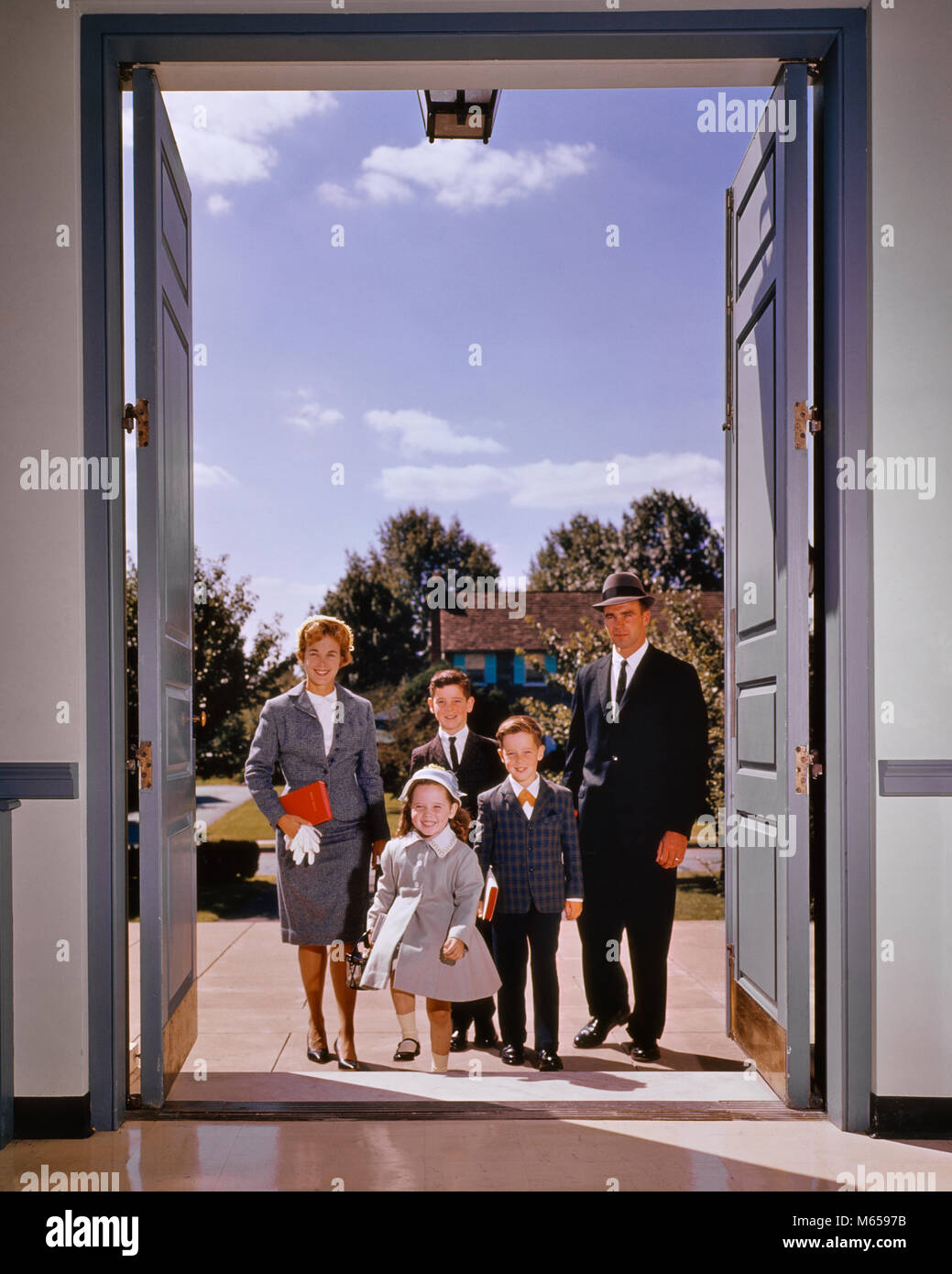 1960s FAMILY OF FIVE WALKING IN THE FRONT DOOR OF CHURCH LOOKING AT ... 1960s FAMILY OF FIVE WALKING IN THE FRONT DOOR OF CHURCH LOOKING AT ...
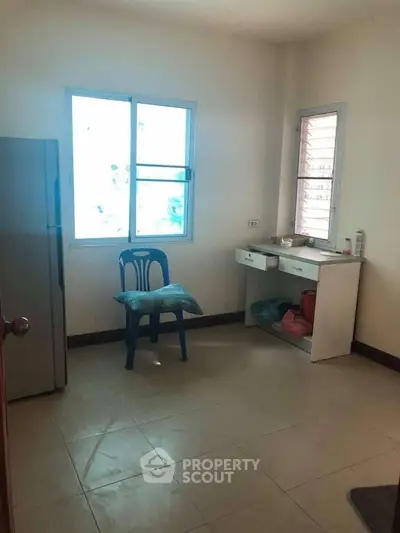 Minimalist room with natural light, featuring a window, chair, and small desk, ideal for creative use.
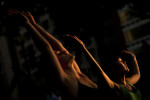 Alexandra Scott, left, and Yukari Usuda, right, are bathed with late afternoon light as they take part in {quote}Yoga in the Park{quote} at Dupont Circle which is sponsored by Lululemon Athletica on Wednesday September 05, 2012 in Washington, DC.  (Photo by Matt McClain for The Washington Post)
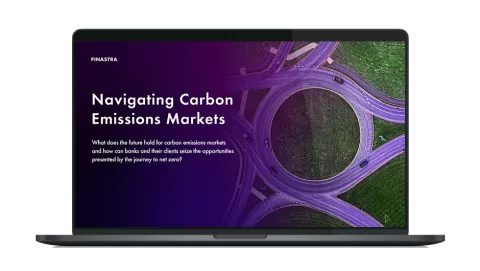 Image of laptop with cover slide for "Navigating carbon emissions markets" white paper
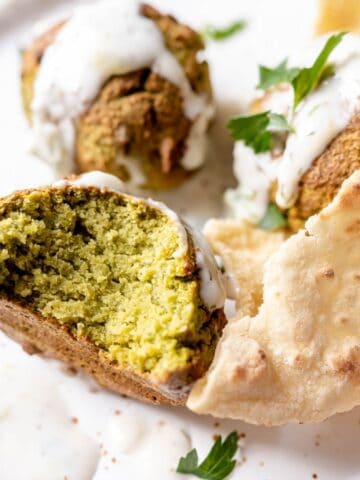 A plate of falafel with a sliced piece showing the interior, garnished with sauce and herbs, and accompanied by flatbread.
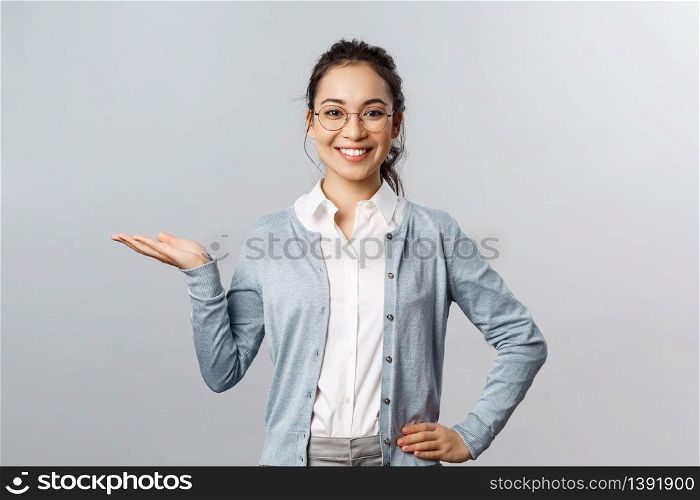 Lifestyle, people and emotions concept. Girl introduces product, recommend this. Portrait of attractive, confident smiling asian woman showing her chart or project on hand over left side.. Lifestyle, people and emotions concept. Girl introduces product, recommend this. Portrait of attractive, confident smiling asian woman showing her chart or project on hand over left side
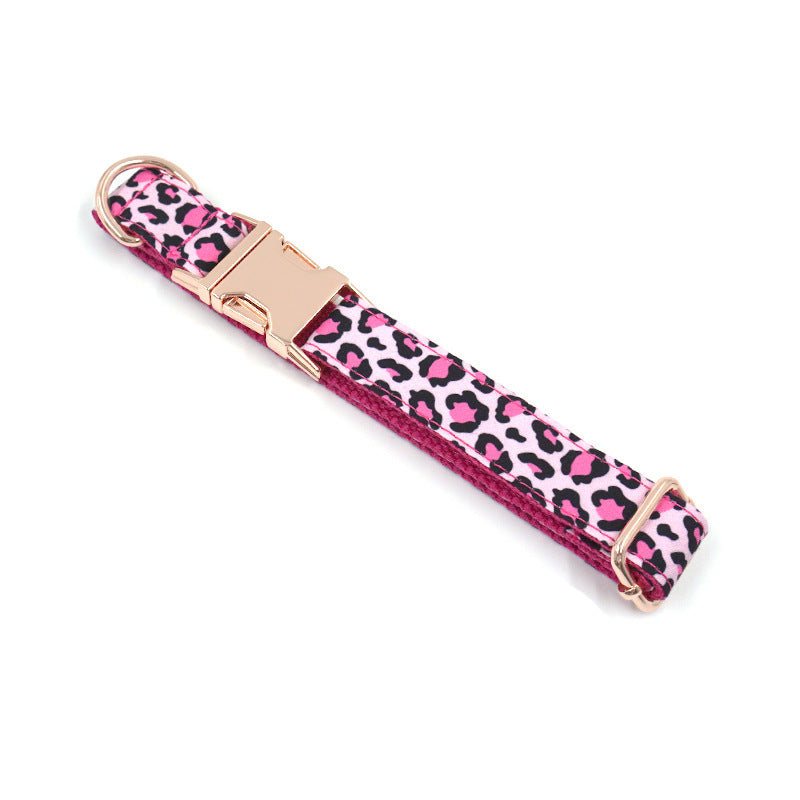 Flat view of pink leopard print dog collar showing rose gold buckle and D-ring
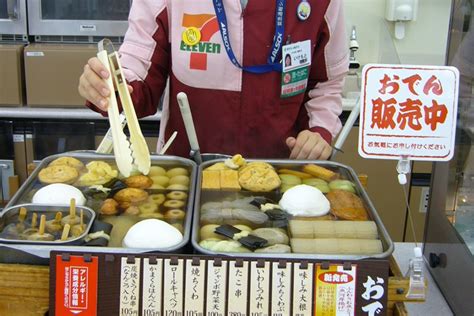 Oden sold at a Japanese convenience store, displayed in a hot counter with various skewered ingredients.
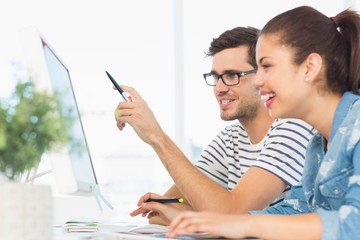 Wall Mural - Happy young couple working on computer in an office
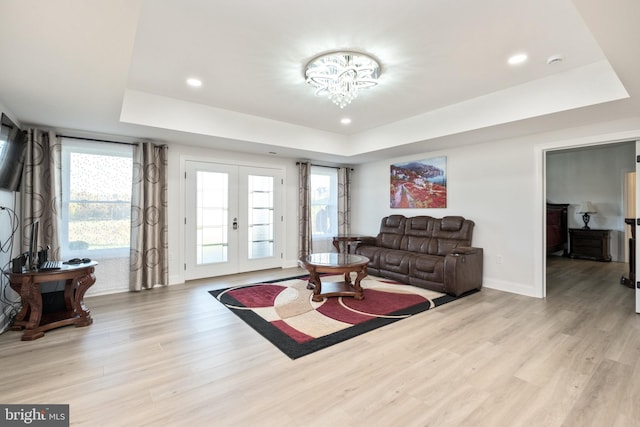 living room with a raised ceiling, plenty of natural light, french doors, and light wood-type flooring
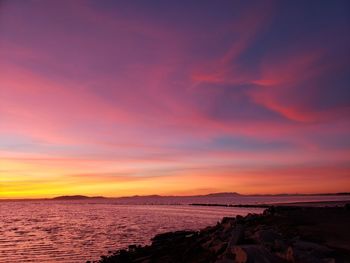 Scenic view of sea against dramatic sky during sunset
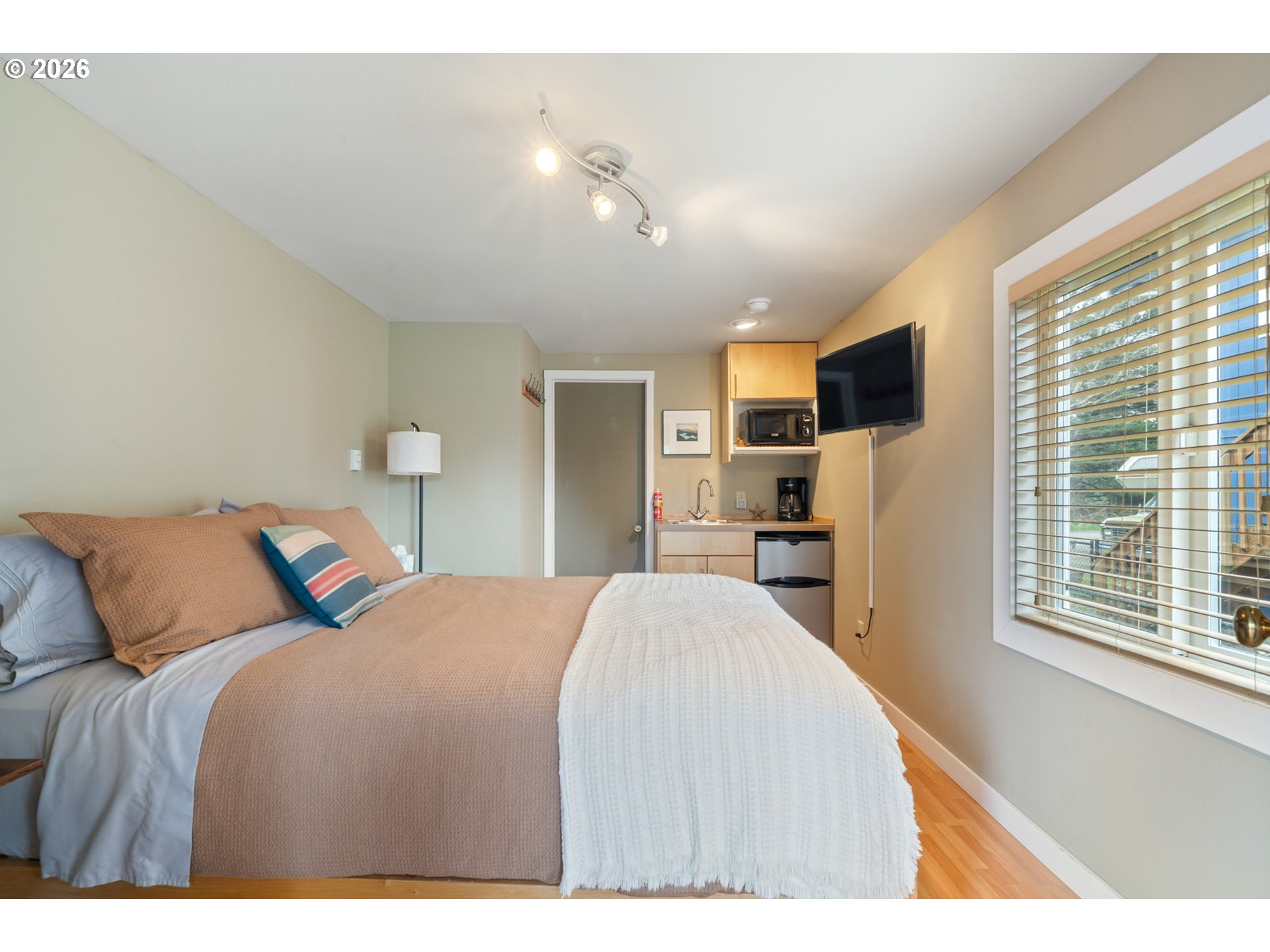 34650 2nd Street Cloverdale, OR 97112 - Photo 23 of 37 a bedroom with a large bed and a flat tv screen on dresser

※

_Work task_:
Please quote exactly the run of lines that starts the entries and ends at the line containing "Minimalist room with", leaving out every picture.

_Result of the exercise_:
 1960s FAMILY OF FIVE WALKING IN THE FRONT DOOR OF CHURCH LOOKING AT ... 1960s FAMILY OF FIVE WALKING IN THE FRONT DOOR OF CHURCH LOOKING AT ...
 Minimalist room with natural light, featuring a window, chair, and small desk, ideal for creative use.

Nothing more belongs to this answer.